Lyles has chops in the 100 meters. He was the US champion as a 20-year-old in 2018. He was the Diamond League champion a year later. His personal best, 9.86, puts him behind some of the big boys of the event — but it came from a race in Shanghai in 2019 in which he beat that year’s eventual world champion, Coleman. Yet he has never made a US 100-meter team, let alone stood atop a global podium.

Lyles believes that after the fits and starts of trying the double in 2021 and 2022, he’s finally ready to make it happen in 2023. After COVID pandemic interrupted his training in 2020 and a “down” year in 2021 (which still included a US title, an Olympic bronze, and a 19.52 season’s best), the 25-year-old says he’s in the best possible spot right now.

“I had the year of 2021 and the year of 2022 built on top of each other and it has produced great results,” Lyles said. “I’m in a better place than I ever was. Training is producing faster times, stronger results. It’s like hey, if you want a year to try it, this is the year.”
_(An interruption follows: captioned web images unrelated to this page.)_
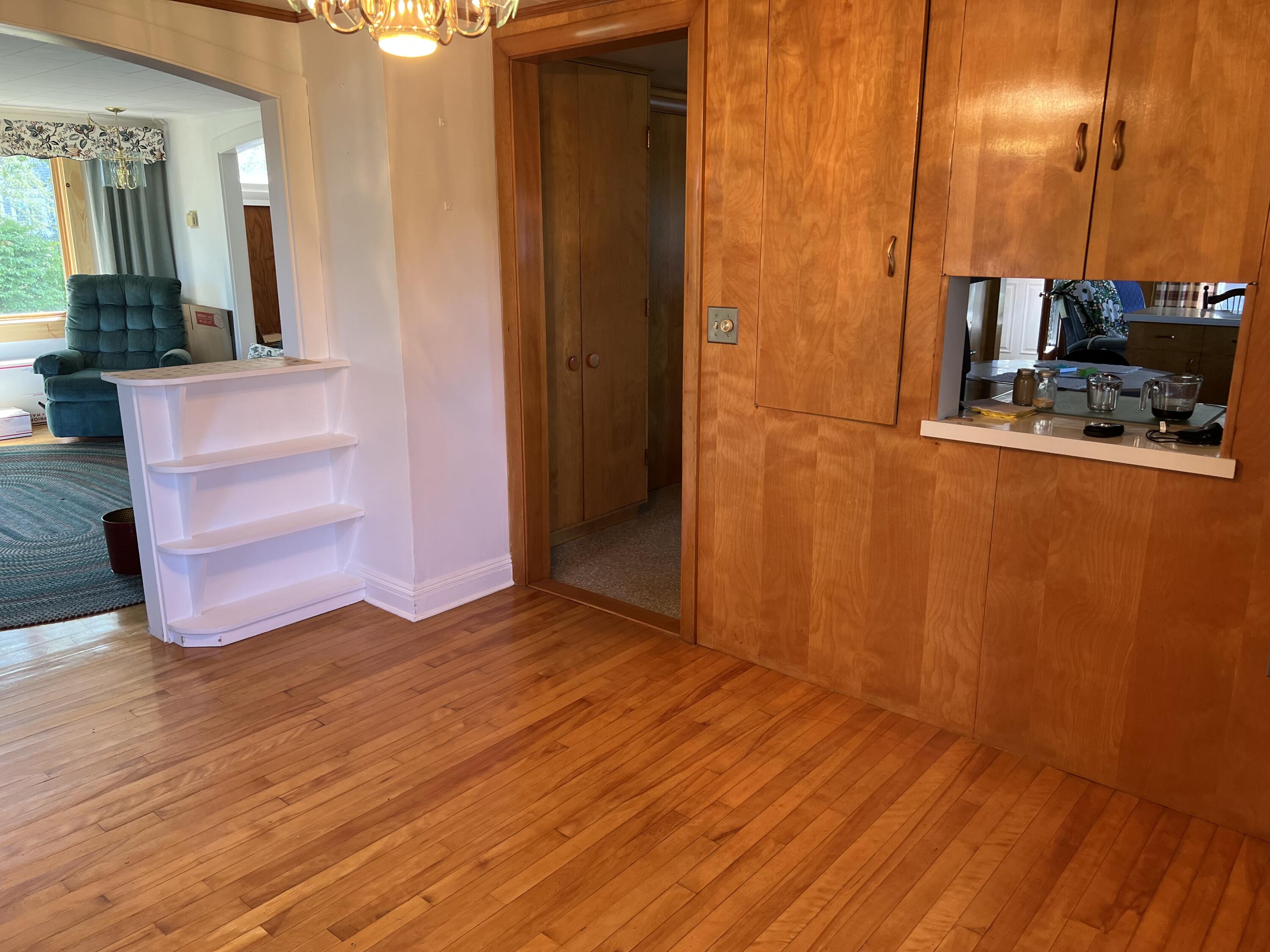 42 Crockett Point Road Bernard, ME 04612 - Photo 20 of 52 Dining room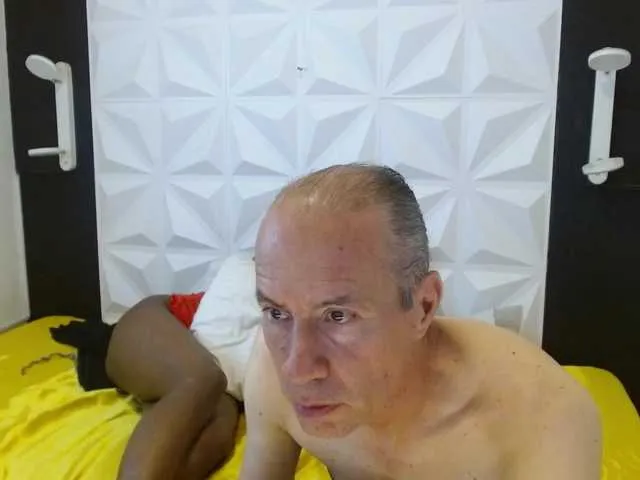 Live sex webcam photo for janxloren #275999558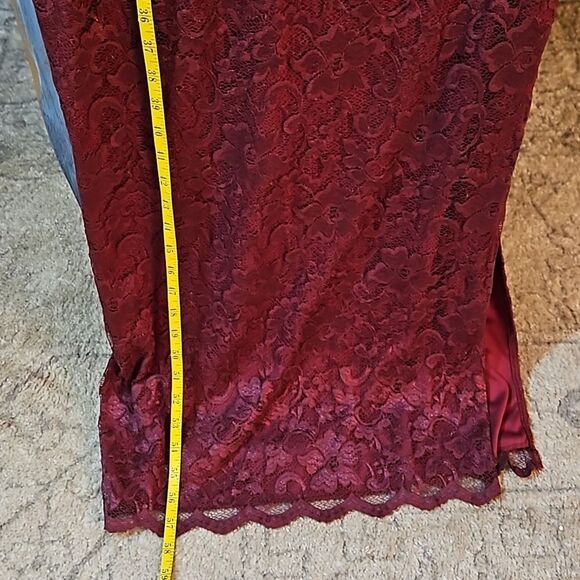 NWT Marina Burgundy lace maxi dress size 8 - Picture 13 of 15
Even without Lyles, the men’s 100 meters is the best it’s been since You-Know-Who retired: a proven corps of Americans, 21-year-old phenom Oblique Seville leading a Jamaican resurgence, and Jacobs, who just shows up and wins gold medals. Adding Lyles is like dropping a shot of espresso into an already potent cocktail. Who knows if he’ll even make the team – remember, the US went 1-2-3 at Worlds last year – but it sure is going to be fun finding out.